▸ What to produce:
Look for the line containing "BOX W/ VINTAGE" in the listing below; from there, output every line exactly, the last one included.

##############################

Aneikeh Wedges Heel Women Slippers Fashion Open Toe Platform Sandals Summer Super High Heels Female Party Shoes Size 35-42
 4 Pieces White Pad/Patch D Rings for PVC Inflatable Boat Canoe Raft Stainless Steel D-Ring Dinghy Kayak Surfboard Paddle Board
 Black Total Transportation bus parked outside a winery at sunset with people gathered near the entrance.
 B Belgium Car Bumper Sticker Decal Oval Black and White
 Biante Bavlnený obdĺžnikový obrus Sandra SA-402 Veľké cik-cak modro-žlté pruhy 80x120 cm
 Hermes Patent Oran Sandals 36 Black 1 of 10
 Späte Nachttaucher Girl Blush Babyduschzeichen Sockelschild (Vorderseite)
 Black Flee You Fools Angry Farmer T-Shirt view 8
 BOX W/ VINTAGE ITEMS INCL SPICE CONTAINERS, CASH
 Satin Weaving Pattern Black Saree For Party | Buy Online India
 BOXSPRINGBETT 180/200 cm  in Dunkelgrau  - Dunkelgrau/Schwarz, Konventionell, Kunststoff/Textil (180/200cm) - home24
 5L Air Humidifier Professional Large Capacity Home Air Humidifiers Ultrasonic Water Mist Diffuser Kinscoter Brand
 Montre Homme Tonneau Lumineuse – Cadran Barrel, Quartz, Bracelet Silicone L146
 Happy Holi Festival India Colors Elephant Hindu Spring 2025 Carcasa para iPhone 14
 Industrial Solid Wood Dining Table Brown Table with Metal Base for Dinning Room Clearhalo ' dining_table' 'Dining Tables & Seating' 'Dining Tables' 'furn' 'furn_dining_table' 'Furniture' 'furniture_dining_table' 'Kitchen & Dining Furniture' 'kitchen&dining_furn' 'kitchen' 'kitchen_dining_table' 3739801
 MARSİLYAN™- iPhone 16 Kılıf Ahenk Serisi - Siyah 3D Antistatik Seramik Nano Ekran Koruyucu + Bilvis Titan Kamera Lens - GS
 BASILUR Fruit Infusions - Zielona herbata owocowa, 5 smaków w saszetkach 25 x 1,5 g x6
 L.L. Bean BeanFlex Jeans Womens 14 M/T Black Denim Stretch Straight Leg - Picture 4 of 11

##############################

▸ Your solution:
 BOX W/ VINTAGE ITEMS INCL SPICE CONTAINERS, CASH
 Satin Weaving Pattern Black Saree For Party | Buy Online India
 BOXSPRINGBETT 180/200 cm  in Dunkelgrau  - Dunkelgrau/Schwarz, Konventionell, Kunststoff/Textil (180/200cm) - home24
 5L Air Humidifier Professional Large Capacity Home Air Humidifiers Ultrasonic Water Mist Diffuser Kinscoter Brand
 Montre Homme Tonneau Lumineuse – Cadran Barrel, Quartz, Bracelet Silicone L146
 Happy Holi Festival India Colors Elephant Hindu Spring 2025 Carcasa para iPhone 14
 Industrial Solid Wood Dining Table Brown Table with Metal Base for Dinning Room Clearhalo ' dining_table' 'Dining Tables & Seating' 'Dining Tables' 'furn' 'furn_dining_table' 'Furniture' 'furniture_dining_table' 'Kitchen & Dining Furniture' 'kitchen&dining_furn' 'kitchen' 'kitchen_dining_table' 3739801
 MARSİLYAN™- iPhone 16 Kılıf Ahenk Serisi - Siyah 3D Antistatik Seramik Nano Ekran Koruyucu + Bilvis Titan Kamera Lens - GS
 BASILUR Fruit Infusions - Zielona herbata owocowa, 5 smaków w saszetkach 25 x 1,5 g x6
 L.L. Bean BeanFlex Jeans Womens 14 M/T Black Denim Stretch Straight Leg - Picture 4 of 11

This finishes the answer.